───── EXERCISE INPUT ─────

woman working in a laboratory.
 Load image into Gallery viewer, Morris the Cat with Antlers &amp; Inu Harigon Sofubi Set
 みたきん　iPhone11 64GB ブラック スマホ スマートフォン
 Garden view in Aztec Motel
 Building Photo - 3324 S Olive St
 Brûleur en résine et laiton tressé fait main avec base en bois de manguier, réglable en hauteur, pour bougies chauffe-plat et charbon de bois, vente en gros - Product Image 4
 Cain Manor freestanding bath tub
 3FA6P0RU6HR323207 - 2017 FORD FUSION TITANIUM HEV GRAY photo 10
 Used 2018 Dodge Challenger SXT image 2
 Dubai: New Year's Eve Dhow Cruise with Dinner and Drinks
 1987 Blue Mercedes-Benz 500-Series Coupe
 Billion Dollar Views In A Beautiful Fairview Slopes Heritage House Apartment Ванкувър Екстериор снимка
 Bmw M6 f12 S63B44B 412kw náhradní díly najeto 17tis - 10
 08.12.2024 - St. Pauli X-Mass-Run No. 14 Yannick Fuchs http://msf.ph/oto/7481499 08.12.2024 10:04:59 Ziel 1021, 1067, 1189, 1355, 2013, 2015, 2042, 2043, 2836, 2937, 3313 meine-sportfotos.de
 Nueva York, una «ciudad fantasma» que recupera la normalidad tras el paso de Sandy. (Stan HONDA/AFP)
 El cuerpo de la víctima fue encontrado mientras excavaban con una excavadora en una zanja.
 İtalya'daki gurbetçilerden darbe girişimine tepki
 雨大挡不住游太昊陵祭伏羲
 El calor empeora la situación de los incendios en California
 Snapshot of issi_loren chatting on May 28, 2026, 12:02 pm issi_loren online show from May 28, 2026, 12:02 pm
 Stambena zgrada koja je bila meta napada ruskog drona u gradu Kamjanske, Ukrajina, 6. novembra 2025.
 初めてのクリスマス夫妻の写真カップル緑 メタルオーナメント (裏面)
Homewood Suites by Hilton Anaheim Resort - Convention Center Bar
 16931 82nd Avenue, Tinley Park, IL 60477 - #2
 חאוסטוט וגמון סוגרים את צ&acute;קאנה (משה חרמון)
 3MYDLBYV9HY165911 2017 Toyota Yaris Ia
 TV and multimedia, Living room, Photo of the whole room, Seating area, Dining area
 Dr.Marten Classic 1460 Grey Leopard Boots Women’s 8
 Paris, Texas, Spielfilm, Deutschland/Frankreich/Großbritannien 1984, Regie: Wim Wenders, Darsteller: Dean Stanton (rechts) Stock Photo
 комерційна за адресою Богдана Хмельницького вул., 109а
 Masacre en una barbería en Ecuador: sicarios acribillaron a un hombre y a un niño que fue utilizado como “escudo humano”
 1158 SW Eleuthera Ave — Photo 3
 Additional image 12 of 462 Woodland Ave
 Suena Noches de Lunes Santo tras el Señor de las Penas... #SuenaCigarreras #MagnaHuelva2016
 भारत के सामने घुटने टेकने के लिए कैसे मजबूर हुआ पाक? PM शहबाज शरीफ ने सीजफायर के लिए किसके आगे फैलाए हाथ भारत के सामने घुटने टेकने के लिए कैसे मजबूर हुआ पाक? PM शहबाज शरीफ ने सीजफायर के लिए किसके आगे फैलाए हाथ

─────

WORK INSTRUCTIONS:
Give the data again. Keep every line identical.

TASK SOLUTION:
woman working in a laboratory.
 Load image into Gallery viewer, Morris the Cat with Antlers &amp; Inu Harigon Sofubi Set
 みたきん　iPhone11 64GB ブラック スマホ スマートフォン
 Garden view in Aztec Motel
 Building Photo - 3324 S Olive St
 Brûleur en résine et laiton tressé fait main avec base en bois de manguier, réglable en hauteur, pour bougies chauffe-plat et charbon de bois, vente en gros - Product Image 4
 Cain Manor freestanding bath tub
 3FA6P0RU6HR323207 - 2017 FORD FUSION TITANIUM HEV GRAY photo 10
 Used 2018 Dodge Challenger SXT image 2
 Dubai: New Year's Eve Dhow Cruise with Dinner and Drinks
 1987 Blue Mercedes-Benz 500-Series Coupe
 Billion Dollar Views In A Beautiful Fairview Slopes Heritage House Apartment Ванкувър Екстериор снимка
 Bmw M6 f12 S63B44B 412kw náhradní díly najeto 17tis - 10
 08.12.2024 - St. Pauli X-Mass-Run No. 14 Yannick Fuchs http://msf.ph/oto/7481499 08.12.2024 10:04:59 Ziel 1021, 1067, 1189, 1355, 2013, 2015, 2042, 2043, 2836, 2937, 3313 meine-sportfotos.de
 Nueva York, una «ciudad fantasma» que recupera la normalidad tras el paso de Sandy. (Stan HONDA/AFP)
 El cuerpo de la víctima fue encontrado mientras excavaban con una excavadora en una zanja.
 İtalya'daki gurbetçilerden darbe girişimine tepki
 雨大挡不住游太昊陵祭伏羲
 El calor empeora la situación de los incendios en California
 Snapshot of issi_loren chatting on May 28, 2026, 12:02 pm issi_loren online show from May 28, 2026, 12:02 pm
 Stambena zgrada koja je bila meta napada ruskog drona u gradu Kamjanske, Ukrajina, 6. novembra 2025.
 初めてのクリスマス夫妻の写真カップル緑 メタルオーナメント (裏面)
Homewood Suites by Hilton Anaheim Resort - Convention Center Bar
 16931 82nd Avenue, Tinley Park, IL 60477 - #2
 חאוסטוט וגמון סוגרים את צ&acute;קאנה (משה חרמון)
 3MYDLBYV9HY165911 2017 Toyota Yaris Ia
 TV and multimedia, Living room, Photo of the whole room, Seating area, Dining area
 Dr.Marten Classic 1460 Grey Leopard Boots Women’s 8
 Paris, Texas, Spielfilm, Deutschland/Frankreich/Großbritannien 1984, Regie: Wim Wenders, Darsteller: Dean Stanton (rechts) Stock Photo
 комерційна за адресою Богдана Хмельницького вул., 109а
 Masacre en una barbería en Ecuador: sicarios acribillaron a un hombre y a un niño que fue utilizado como “escudo humano”
 1158 SW Eleuthera Ave — Photo 3
 Additional image 12 of 462 Woodland Ave
 Suena Noches de Lunes Santo tras el Señor de las Penas... #SuenaCigarreras #MagnaHuelva2016
 भारत के सामने घुटने टेकने के लिए कैसे मजबूर हुआ पाक? PM शहबाज शरीफ ने सीजफायर के लिए किसके आगे फैलाए हाथ भारत के सामने घुटने टेकने के लिए कैसे मजबूर हुआ पाक? PM शहबाज शरीफ ने सीजफायर के लिए किसके आगे फैलाए हाथ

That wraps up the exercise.